WORK TASK:
What you return must be the data below, word for word, without any images.

GIVEN INFORMATION:
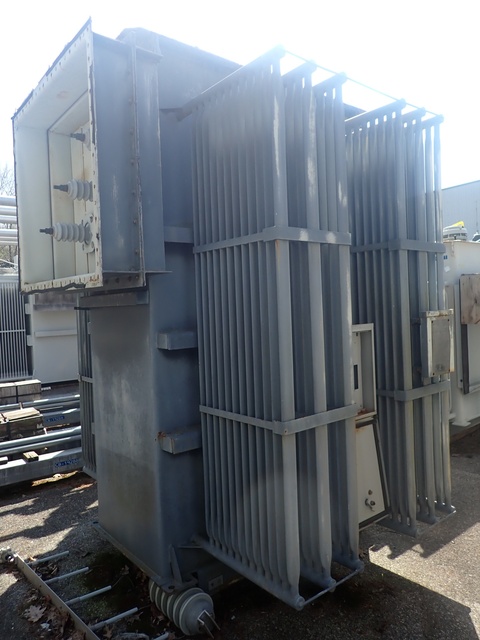3750/4687 kVA, 22900 Delta Primary, 4160/2400 WYE Secondary, General Electric Substation - Image 3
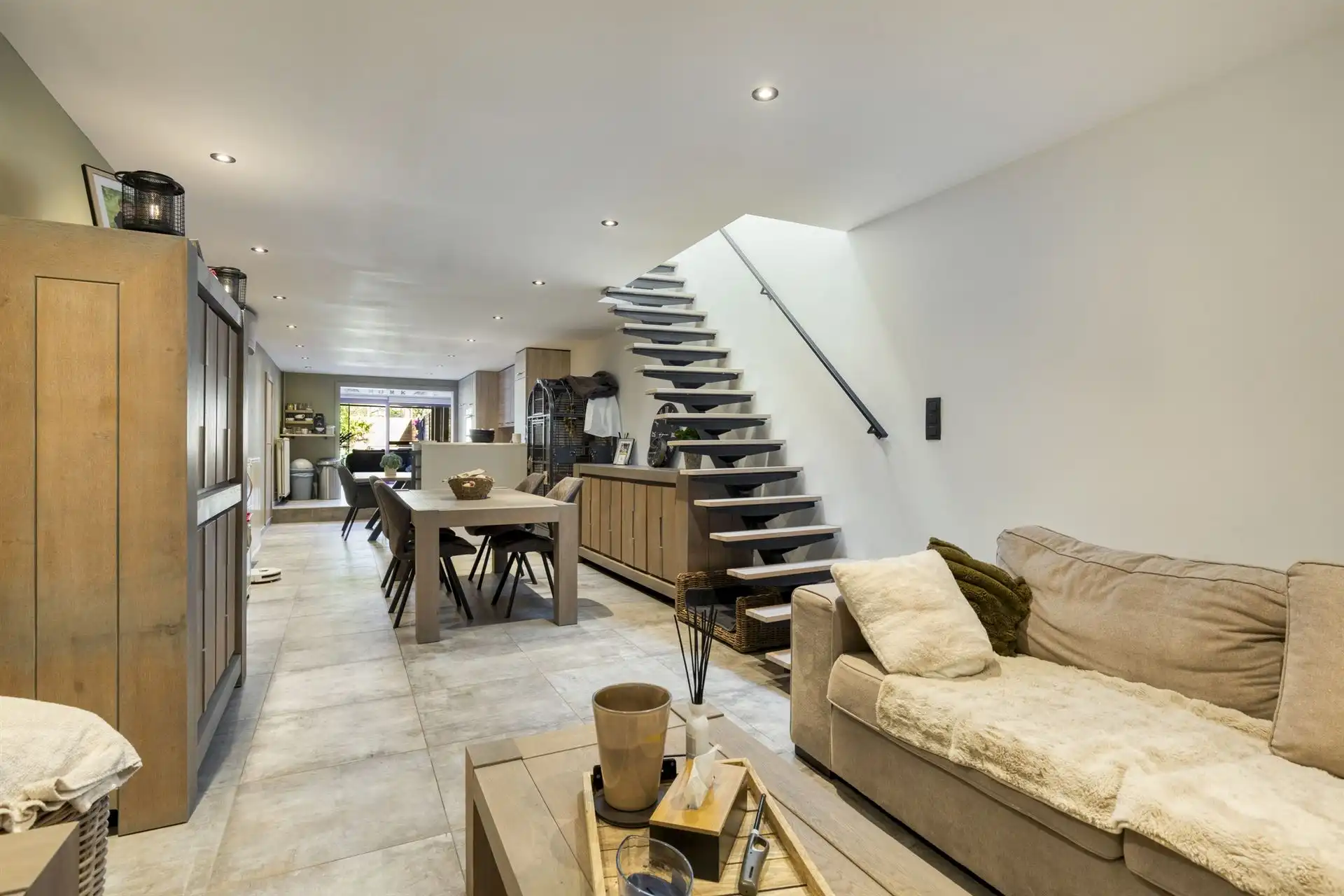 Ruime woning met handelsruimte(57m²)en opslagruimte(462m²). foto 7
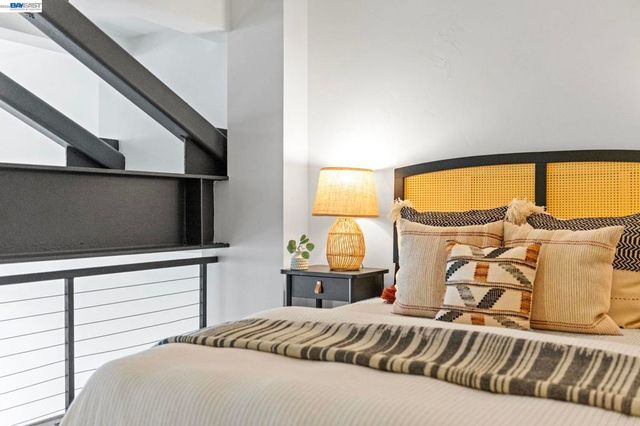 330 13Th St 1A, Oakland, CA 94612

EXERCISE OUTPUT:
3750/4687 kVA, 22900 Delta Primary, 4160/2400 WYE Secondary, General Electric Substation - Image 3
 Ruime woning met handelsruimte(57m²)en opslagruimte(462m²). foto 7
 330 13Th St 1A, Oakland, CA 94612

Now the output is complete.